*DESCRIPTION OF THE TASK*
Going through the material below, output exactly the lines from the one containing "Modern Silver Spherical" through the one containing "with Snow glaze", and no pictures.

*TASK MATERIAL*
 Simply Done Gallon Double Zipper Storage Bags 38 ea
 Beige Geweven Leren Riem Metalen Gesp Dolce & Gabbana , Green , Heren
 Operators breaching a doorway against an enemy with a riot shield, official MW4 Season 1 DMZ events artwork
...
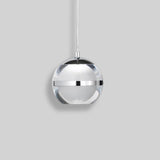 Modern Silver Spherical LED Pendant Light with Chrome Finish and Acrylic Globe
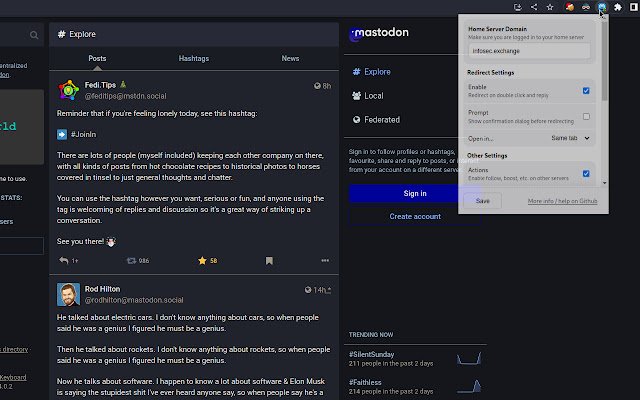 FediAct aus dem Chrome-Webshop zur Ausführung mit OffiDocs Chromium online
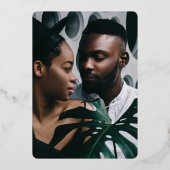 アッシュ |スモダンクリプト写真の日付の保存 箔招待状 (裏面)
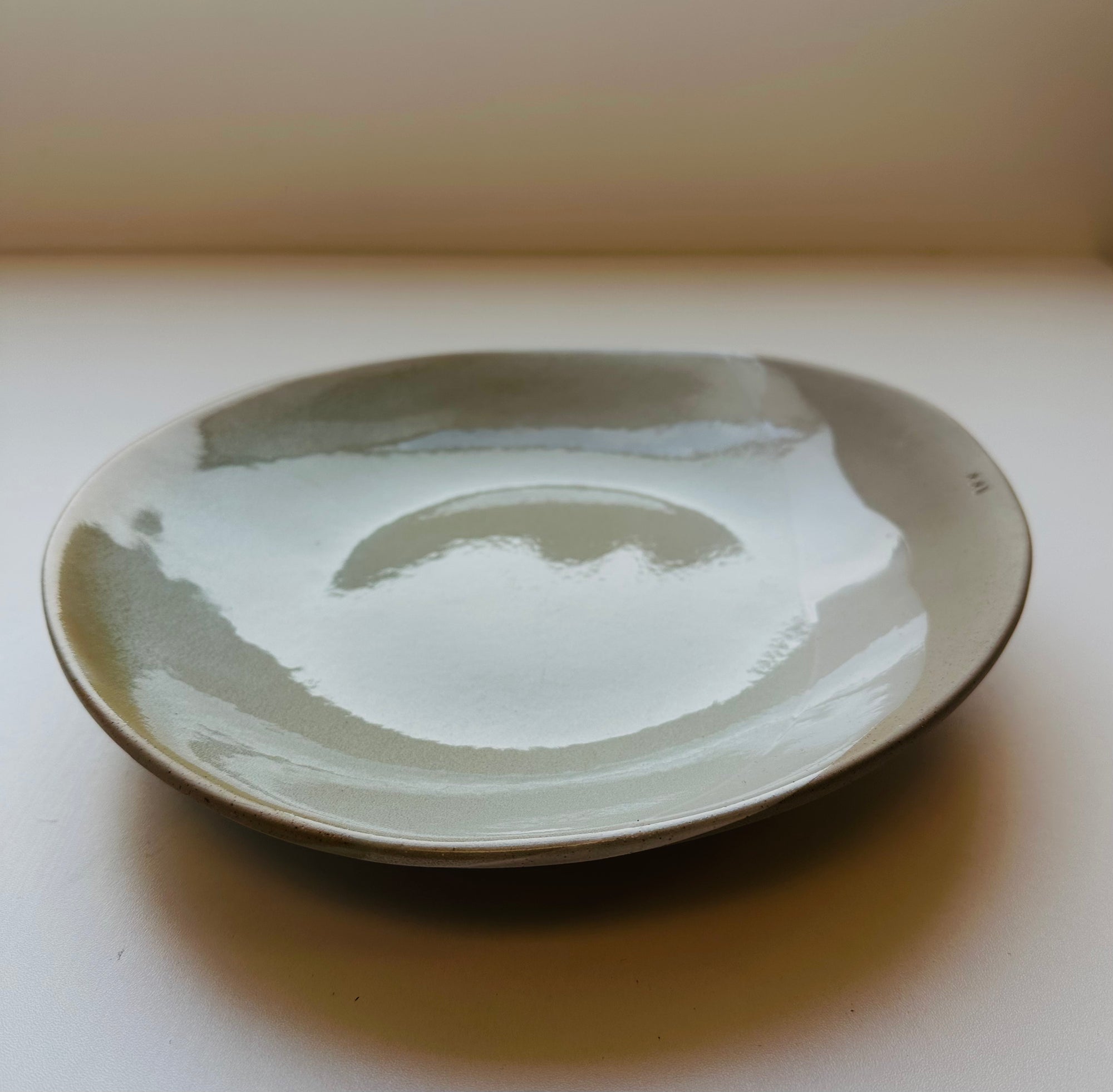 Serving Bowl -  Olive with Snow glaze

*SOLVED PROBLEM*
 Modern Silver Spherical LED Pendant Light with Chrome Finish and Acrylic Globe
 FediAct aus dem Chrome-Webshop zur Ausführung mit OffiDocs Chromium online
 アッシュ |スモダンクリプト写真の日付の保存 箔招待状 (裏面)
 Serving Bowl -  Olive with Snow glaze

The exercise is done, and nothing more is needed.